Lucie
46° 59' 23.95" N – 6° 55' 45.38" E
06/03/2016
La première fois que j’ai écrit
Une blancheur sans défaut me faisait face. C’était un blanc qui faisait douter, un blanc qui
gêne, un blanc moqueur ; comme si la feuille vierge me mettait au défi de la colorer, de
troubler sa perfection.
Maintes fois la robe prenait quelques teintes grises. Cependant la blancheur
macabre revenait rapidement. A force d’essais, d’usure et d’acharnement, le papier
perdait de sa blancheur majestueuse, se pliant à quelques endroits. A présent, le blanc
n’avait plus rien de reposant, il en devenait même sale. Un énième trait apparut sur le
haut de la feuille, persuadé de n’y rester que quelques instants. Il attendit sa sentence,
immobile, fébrile. Mais rien de vint. L’étonnement fit place sur ses traits à l’espoir : ses
petites courbes grises étaient bel et bien restées. Tournant la tête à droite, il cru à un
mirage lorsqu’il vit que d’autres mots apparaissaient. A présent, la main se déplaçait
gracieusement sur la feuille, laissant sur son passage des arabesques qui hurlaient la
sincérité.
Le trait était là où il devait être. Il avait la taille adéquate, le nombre de lettre
parfait et la bonne sonorité. Rapidement, la tunique blanchâtre prit gaiment des nuances
de gris. Les phrases s’enchaînaient joyeusement, ravies d’être ici, parlant à leurs
voisines. Les majuscules se dressaient fières, sous le regard émerveillé des points. Les
virgules apportèrent de l’oxygène tout en poussant de longs soupirs de satisfaction.

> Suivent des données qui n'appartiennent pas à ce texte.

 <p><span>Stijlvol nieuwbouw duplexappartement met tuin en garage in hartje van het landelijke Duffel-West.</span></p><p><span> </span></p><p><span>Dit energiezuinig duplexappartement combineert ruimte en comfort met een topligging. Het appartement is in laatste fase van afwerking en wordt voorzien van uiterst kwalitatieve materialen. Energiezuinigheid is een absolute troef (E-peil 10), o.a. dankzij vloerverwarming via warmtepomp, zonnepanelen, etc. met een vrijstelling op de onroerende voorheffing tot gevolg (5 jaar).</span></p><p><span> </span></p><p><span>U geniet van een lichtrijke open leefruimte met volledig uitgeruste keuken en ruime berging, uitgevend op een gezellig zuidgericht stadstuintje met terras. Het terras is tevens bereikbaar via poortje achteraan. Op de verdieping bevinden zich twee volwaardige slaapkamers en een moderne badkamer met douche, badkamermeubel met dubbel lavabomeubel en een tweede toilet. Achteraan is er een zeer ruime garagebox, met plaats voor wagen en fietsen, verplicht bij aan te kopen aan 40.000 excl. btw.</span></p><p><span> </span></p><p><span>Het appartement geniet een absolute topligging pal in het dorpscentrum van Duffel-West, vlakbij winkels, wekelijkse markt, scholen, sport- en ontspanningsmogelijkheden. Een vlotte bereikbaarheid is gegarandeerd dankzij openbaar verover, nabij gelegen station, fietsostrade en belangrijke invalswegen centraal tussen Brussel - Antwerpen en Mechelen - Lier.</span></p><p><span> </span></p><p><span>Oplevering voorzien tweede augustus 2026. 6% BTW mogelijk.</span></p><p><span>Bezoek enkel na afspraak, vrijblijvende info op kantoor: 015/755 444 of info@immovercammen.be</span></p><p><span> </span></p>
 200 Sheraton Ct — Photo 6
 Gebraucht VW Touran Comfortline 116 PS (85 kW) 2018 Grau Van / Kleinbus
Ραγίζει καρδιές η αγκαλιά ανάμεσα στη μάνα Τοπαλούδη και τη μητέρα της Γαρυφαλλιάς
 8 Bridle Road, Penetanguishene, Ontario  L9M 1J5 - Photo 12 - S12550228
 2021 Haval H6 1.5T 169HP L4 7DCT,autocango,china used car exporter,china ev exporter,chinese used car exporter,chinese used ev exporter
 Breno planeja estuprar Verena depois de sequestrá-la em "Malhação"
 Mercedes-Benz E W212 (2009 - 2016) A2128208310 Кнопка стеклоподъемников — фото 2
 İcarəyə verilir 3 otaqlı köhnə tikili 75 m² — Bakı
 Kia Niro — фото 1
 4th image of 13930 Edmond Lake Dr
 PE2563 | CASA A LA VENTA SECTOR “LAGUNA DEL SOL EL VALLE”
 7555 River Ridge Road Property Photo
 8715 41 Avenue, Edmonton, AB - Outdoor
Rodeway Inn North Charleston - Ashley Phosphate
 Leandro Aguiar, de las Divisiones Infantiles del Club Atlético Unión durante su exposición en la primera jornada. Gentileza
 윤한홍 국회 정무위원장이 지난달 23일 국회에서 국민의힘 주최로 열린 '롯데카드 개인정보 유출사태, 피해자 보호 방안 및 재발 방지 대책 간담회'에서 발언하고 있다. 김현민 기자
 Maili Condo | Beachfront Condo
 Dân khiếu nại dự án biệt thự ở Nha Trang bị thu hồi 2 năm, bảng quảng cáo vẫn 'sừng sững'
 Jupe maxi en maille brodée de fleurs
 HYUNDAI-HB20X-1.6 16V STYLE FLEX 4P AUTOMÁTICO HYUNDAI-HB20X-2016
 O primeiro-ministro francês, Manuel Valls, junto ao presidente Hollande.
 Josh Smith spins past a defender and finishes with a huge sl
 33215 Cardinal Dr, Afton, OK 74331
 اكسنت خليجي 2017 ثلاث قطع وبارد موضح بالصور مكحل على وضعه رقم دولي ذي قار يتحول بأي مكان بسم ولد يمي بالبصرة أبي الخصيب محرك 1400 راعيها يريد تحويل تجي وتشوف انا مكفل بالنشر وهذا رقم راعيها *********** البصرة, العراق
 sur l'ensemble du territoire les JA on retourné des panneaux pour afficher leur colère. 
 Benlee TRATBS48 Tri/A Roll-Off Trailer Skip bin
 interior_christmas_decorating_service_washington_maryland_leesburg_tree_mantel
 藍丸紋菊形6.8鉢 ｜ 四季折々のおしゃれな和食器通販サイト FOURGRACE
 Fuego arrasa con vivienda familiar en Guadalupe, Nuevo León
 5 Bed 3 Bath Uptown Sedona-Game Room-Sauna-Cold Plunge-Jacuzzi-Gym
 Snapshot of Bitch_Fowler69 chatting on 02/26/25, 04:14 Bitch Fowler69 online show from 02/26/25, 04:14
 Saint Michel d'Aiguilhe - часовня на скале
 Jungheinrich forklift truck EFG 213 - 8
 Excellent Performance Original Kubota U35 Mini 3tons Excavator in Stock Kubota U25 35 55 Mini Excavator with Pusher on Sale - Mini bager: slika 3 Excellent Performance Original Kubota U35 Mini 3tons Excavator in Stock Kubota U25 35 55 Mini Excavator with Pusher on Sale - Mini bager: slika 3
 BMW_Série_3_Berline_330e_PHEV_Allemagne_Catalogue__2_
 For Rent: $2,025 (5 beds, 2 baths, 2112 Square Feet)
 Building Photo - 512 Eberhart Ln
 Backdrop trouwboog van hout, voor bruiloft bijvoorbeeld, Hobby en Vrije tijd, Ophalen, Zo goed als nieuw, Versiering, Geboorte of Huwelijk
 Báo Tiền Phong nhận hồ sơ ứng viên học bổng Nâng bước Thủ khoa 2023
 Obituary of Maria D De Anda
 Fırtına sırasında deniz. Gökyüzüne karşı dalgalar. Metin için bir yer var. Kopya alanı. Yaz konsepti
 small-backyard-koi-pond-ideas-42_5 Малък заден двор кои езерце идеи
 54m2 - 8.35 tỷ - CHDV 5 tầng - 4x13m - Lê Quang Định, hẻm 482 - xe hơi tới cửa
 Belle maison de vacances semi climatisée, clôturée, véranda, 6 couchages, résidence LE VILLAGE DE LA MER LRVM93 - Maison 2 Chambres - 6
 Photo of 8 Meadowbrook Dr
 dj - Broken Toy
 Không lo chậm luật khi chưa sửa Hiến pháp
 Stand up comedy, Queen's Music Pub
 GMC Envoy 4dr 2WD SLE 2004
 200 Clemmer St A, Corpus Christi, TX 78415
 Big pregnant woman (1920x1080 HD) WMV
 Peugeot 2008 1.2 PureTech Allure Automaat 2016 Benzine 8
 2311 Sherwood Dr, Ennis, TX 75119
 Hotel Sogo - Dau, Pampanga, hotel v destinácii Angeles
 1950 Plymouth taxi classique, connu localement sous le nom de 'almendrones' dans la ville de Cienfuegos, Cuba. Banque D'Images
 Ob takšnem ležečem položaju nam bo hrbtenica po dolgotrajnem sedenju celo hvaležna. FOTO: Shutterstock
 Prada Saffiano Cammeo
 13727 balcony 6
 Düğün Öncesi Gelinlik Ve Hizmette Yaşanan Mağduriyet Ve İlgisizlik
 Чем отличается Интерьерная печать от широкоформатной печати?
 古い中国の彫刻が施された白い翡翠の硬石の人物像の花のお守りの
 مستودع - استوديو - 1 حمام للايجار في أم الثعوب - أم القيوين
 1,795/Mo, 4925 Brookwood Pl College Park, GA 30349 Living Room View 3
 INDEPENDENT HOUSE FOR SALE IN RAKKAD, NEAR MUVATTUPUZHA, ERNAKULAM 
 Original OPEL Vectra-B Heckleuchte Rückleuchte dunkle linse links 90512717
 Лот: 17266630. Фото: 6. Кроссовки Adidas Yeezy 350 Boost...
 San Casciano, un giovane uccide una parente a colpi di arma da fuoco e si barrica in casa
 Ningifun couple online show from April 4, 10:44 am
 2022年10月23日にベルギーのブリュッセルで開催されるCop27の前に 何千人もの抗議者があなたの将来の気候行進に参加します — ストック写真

Puis vint le dernier mot, petit, fébrile, peureux. Il fut accueilli à bras ouvert par le
texte. Il était la fin. Il était le début. Il était là. Le temps sembla s’arrêter. Tous les mots
retinrent leur souffle. Allaient-ils être effacés comme nombreux d’entre eux
ultérieurement ? Le crayon forma un arc de cercle aussi gracieux qu’une feuille glissant
sur un torrent. Puis, enfin il se posa et les mots purent sourire.